The contrast between professional and amateur investors could not be more stark.
As traders around the globe have frantically unloaded positions in recent weeks, so-called mom and pop retail investors have kept level heads and not sold out of stocks.
In fact, “the typical trader is buying equities on the dips,” passive investment firm Vanguard notes in a research paper, adding that “older, wealthier traders are moving modestly to fixed income.”
Jeffrey Kleintop, chief global investment strategist at Charles Schwab, points out that through the end of last week, passive equity ETFs had seen a net $20 billion in inflows.
“Obviously selling is big among traders, institutions, computer algorithms… but the one stabilizing factor in this market has been individual investors,” he said.
“That has never been true before, and it’s a very unique aspect of this downturn.”
The contrast between professional and amateur investors could not be more stark.

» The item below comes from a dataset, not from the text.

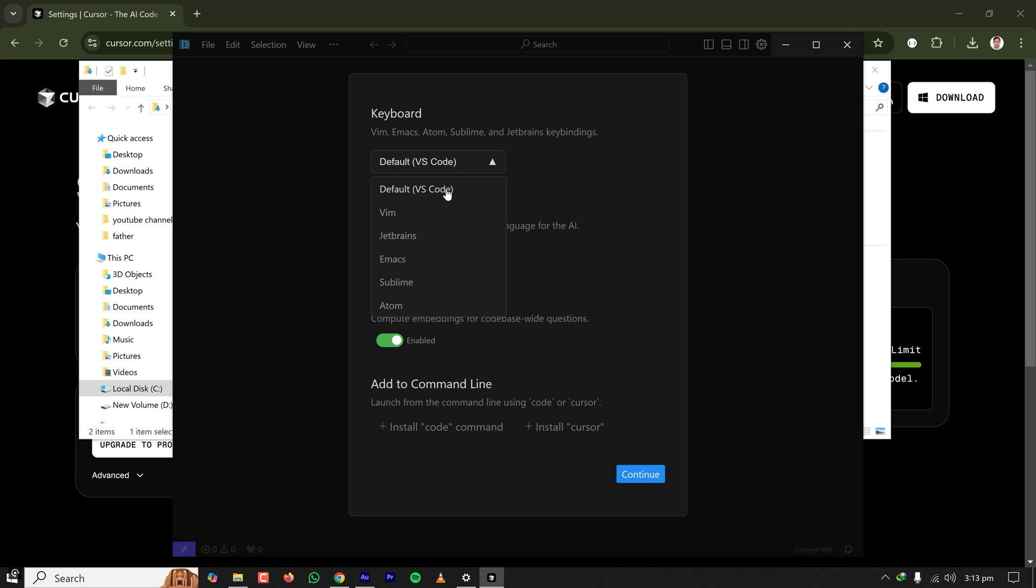The language for AI - if you want a different language to communicate, then select that one. For me, the default English is fine. Here one important thing is codebase wide. If this one is enabled, then Cursor will pre-compile your code for generative AI so that it can give better suggestions and better code completion for your existing project.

As the pros sold out of risky assets like stocks and oil and even safe havens like gold and Treasury bonds, amateur traders were “maintaining a long-term perspective despite the market turmoil,” Vanguard said.
Google Trends data show that throughout the month of March, searches for “how to buy stocks” and “Dow Jones” are soaring.
On the other hand, money market funds, used ostensibly as savings accounts and cash positioning by money managers, saw record inflows each of the past two weeks, rising to the highest level of holdings on record.
Retail traders “buying the dips” is normally a contrarian signal, meaning that it’s time to sell.
Over the past 30 years, like clockwork, retail investors have sold as the market hit its floor and a recovery was underway, and bought when the market was at or near its zenith and began to fall.
Thus far, “US equities continue to run in lockstep with the day-to-day moves of late September/October 2008,” DataTrek Research co-founder Nicholas Colas said in a note.
After October 2008, stocks fell for another four months, piling up 40% of losses before the recently ended bull market began in March 2009.
The key to finding a bottom is a peak in confirmed COVID-19 cases and the beginning of a recovery from the pandemic, Kleintop said.
“Until we get to that peak in new virus cases on a global scale, we just don’t know how deep the downturn is going to be.”